§ EXERCISE INPUT
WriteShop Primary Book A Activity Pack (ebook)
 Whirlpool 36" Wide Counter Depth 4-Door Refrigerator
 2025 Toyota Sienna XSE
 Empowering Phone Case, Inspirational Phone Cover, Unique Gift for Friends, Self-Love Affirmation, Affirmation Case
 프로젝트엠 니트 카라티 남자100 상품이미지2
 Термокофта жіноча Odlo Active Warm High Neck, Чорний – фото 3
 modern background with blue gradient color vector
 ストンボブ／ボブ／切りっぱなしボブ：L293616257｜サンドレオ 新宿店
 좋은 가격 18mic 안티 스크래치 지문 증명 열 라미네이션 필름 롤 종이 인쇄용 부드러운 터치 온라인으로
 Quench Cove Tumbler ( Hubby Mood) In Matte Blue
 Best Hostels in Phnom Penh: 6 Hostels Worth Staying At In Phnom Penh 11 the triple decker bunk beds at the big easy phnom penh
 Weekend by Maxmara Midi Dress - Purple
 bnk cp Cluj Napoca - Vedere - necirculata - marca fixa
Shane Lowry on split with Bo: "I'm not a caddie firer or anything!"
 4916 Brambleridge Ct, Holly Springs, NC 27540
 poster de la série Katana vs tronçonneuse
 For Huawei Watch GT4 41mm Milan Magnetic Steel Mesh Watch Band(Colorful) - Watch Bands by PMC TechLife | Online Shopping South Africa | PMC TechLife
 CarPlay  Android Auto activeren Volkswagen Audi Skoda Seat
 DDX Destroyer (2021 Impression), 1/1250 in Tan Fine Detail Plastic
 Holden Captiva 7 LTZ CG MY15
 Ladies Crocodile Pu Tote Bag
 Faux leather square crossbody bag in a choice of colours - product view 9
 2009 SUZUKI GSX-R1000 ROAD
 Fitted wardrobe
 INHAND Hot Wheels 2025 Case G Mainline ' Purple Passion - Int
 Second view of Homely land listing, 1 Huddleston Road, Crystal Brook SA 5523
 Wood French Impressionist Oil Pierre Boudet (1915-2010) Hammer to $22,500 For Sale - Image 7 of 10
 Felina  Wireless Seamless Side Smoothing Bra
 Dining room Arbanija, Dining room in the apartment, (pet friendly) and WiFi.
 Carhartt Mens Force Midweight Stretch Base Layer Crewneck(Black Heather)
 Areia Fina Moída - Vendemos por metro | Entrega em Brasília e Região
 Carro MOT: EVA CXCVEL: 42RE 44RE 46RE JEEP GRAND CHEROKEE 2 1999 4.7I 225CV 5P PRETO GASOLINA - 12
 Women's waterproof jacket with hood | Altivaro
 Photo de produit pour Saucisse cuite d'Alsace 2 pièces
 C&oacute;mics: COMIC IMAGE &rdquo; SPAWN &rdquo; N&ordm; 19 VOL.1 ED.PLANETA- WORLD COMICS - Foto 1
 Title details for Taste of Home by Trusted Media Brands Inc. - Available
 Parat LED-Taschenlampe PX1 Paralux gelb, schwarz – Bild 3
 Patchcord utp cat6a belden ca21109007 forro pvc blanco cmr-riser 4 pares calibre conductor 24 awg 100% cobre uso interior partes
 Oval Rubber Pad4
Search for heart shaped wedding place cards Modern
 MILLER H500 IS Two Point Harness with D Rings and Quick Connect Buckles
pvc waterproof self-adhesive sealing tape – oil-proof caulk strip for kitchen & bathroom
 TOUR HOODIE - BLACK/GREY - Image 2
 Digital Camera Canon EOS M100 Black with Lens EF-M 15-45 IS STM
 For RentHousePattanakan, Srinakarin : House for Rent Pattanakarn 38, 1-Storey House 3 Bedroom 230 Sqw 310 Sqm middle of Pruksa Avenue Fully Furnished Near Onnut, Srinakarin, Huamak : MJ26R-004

§ WHAT IS REQUIRED
Above are the records; from them, give again exactly the lines from the one containing "Oval Rubber Pad4" through the one containing "TOUR HOODIE - BLACK/GREY - Image 2", both included.

§ EXPECTED ANSWER
 Oval Rubber Pad4
Search for heart shaped wedding place cards Modern
 MILLER H500 IS Two Point Harness with D Rings and Quick Connect Buckles
pvc waterproof self-adhesive sealing tape – oil-proof caulk strip for kitchen & bathroom
 TOUR HOODIE - BLACK/GREY - Image 2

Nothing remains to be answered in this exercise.